I've made a C program that implements printenv | grep [arguments] | sort | less, but for some reason I'm getting a bunch of newlines at the start of my output. Probably it's because of how I'm writing the environment variables from the parent process to the grep process. My results if I run myProgram PATH:
/*40 blank lines */
INFOPATH=/usr/share/info
MANPATH=/usr/local/vol/matlab/7.4.0/man:/usr/kerberos/man:/usr/local/share/man:/usr /share/man/en:/usr/share/man:/usr/man
MODULEPATH=/usr/local/vol/modulefiles:/pkg/modules/modulefiles:/etc/site/modulefiles: /usr/share/Modules/modulefiles:/etc/modulefiles
PATH=/usr/lib/heimdal/bin:/usr/local/vol/comsol/3.4/bin:/usr/local/vol/maple/10.05/bin:/usr/local/vol/matlab/7.4.0/bin:/usr/kerberos/bin:/usr/local/bin:/bin:/usr/bin:/opt/real/RealPlayer
WMMENUPATH=/usr/local/vol/maple/menudef/10.05:/usr/local/vol/fvwm2/menudefs/emacs:/usr/local/vol/fvwm2/menudefs/acroread
I'm using C to call and connect shell programs with pipes. Every program (grep, sort, less/more) is called in it's own child process and piped to the others.

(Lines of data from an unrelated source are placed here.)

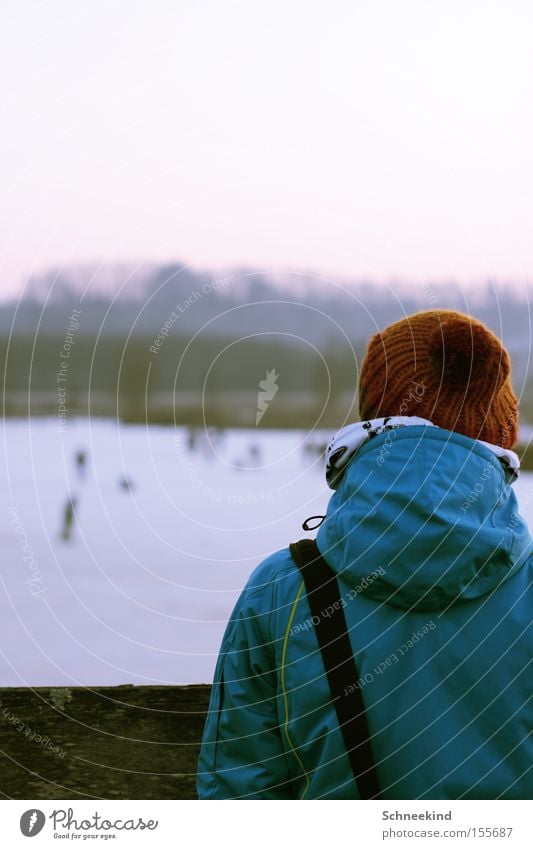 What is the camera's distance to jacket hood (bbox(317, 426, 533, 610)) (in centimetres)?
115

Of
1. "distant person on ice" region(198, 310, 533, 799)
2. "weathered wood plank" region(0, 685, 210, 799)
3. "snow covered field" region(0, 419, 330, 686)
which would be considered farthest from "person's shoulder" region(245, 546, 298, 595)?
"snow covered field" region(0, 419, 330, 686)

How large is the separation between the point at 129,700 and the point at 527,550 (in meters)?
1.21

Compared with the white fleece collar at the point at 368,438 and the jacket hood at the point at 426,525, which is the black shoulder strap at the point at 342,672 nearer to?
the jacket hood at the point at 426,525

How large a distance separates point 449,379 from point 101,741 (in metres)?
1.20

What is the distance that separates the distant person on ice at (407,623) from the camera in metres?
1.16

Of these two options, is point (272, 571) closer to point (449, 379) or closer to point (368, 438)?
point (368, 438)

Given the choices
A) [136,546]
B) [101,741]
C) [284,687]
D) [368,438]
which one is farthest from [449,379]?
[136,546]

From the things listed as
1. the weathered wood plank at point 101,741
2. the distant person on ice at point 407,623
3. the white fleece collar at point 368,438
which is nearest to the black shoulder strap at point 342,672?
the distant person on ice at point 407,623

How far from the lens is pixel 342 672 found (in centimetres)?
120

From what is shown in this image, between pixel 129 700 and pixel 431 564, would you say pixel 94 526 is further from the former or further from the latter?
pixel 431 564

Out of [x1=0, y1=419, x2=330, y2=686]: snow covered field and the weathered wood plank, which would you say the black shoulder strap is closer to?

The parent process writes the environment variables to grep through a pipe like this:
for(i=0; envp[i]!=NULL; i++)
{
return_value = write(pipe_fd[0][PIPE_WRITE],envp[i], strlen(envp[i]));
errorCheck(return_value, "Cannot write to pipe in parent\n");
return_value=write(pipe_fd[0][PIPE_WRITE],"\n",1);
errorCheck(return_value, "Cannot write to pipe in parent\n");
}
I've tried adding a bunch of options to the sort call, but nothing has worked so far. My question is if there's a way to ignore multiple newlines in a row with either grep or sort?